*** SUPPLIED DATA ***

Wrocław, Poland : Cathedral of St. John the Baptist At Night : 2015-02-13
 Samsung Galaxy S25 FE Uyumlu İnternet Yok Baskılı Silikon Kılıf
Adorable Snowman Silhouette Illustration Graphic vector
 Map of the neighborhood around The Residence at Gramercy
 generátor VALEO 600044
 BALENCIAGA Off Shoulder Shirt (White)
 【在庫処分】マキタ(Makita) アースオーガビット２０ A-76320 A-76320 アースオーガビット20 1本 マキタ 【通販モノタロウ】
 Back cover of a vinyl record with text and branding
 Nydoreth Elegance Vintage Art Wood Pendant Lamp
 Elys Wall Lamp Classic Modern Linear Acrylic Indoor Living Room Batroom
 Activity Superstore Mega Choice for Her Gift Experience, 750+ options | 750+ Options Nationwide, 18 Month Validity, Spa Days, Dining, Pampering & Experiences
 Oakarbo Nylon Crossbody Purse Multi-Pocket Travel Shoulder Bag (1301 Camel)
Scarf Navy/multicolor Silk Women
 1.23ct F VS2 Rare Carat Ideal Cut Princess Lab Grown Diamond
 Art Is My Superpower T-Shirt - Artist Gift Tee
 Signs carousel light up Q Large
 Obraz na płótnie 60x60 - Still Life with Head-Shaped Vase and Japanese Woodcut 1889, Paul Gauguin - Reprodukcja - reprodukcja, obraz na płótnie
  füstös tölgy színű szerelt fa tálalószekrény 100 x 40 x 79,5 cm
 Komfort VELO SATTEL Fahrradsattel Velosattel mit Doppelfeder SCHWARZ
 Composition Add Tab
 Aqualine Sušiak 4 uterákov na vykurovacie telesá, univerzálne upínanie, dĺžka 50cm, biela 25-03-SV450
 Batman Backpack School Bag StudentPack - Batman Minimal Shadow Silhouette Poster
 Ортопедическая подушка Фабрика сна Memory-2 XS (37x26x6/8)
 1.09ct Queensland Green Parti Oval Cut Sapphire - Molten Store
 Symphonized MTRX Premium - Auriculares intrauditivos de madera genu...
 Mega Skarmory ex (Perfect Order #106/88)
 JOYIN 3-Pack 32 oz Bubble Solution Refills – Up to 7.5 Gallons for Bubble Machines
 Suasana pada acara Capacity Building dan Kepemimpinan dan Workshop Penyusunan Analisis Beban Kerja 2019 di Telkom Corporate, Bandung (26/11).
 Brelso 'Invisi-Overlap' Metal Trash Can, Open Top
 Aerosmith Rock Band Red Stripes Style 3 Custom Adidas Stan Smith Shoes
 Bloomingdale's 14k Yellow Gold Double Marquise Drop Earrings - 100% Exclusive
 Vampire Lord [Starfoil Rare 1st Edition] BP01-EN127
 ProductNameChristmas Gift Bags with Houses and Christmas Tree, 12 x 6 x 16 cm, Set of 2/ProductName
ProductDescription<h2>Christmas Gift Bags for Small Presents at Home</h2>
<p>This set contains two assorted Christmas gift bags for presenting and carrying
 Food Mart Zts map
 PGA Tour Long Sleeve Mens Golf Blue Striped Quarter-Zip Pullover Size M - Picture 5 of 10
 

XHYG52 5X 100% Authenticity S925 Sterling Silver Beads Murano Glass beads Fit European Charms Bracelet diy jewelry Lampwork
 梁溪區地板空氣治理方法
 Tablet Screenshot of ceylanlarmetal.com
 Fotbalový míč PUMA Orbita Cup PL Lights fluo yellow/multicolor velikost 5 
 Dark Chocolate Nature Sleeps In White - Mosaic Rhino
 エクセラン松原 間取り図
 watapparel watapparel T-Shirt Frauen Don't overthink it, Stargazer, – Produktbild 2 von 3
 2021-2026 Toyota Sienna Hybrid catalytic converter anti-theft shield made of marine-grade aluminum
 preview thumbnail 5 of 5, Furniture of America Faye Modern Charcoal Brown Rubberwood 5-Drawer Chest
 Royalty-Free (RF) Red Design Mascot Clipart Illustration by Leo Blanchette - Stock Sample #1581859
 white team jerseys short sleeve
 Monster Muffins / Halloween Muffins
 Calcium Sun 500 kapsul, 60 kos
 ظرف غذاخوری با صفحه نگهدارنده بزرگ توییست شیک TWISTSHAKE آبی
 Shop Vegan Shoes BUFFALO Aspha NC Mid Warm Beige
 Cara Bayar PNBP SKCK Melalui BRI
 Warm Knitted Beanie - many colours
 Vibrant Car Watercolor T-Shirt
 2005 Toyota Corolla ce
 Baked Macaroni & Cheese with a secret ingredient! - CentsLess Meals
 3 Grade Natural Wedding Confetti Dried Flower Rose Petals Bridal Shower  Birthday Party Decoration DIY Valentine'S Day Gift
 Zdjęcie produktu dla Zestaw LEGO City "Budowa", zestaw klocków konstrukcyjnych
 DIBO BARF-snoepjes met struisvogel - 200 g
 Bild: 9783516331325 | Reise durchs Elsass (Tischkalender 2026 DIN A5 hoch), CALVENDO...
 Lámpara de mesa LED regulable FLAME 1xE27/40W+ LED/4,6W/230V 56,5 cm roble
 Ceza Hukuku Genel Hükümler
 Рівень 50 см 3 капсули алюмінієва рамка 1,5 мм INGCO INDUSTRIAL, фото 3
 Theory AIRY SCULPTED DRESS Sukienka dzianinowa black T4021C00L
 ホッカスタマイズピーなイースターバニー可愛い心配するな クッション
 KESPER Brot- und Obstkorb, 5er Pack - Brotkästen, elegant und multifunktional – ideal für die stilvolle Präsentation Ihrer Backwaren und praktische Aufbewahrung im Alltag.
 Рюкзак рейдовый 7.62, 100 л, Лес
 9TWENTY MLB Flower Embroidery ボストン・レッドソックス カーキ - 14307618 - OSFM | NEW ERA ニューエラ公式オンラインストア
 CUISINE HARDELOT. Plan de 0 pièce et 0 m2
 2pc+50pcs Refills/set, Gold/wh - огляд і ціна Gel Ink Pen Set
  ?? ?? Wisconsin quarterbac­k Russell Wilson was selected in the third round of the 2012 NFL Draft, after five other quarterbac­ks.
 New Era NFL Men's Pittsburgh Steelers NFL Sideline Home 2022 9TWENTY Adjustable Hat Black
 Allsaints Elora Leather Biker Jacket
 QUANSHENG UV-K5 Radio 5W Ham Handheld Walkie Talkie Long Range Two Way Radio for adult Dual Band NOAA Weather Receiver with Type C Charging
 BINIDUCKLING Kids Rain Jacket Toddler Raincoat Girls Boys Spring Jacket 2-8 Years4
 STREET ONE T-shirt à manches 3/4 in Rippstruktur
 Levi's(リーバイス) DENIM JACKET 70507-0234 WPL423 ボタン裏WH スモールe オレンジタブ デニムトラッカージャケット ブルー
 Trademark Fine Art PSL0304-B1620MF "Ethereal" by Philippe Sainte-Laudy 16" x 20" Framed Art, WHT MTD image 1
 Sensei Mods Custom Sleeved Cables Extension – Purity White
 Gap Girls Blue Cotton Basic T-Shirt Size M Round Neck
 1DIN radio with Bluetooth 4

***

PROBLEM TO SOLVE →
From the data, list each line in which the string "Girls" appears.

RESULT →
 BINIDUCKLING Kids Rain Jacket Toddler Raincoat Girls Boys Spring Jacket 2-8 Years4
 Gap Girls Blue Cotton Basic T-Shirt Size M Round Neck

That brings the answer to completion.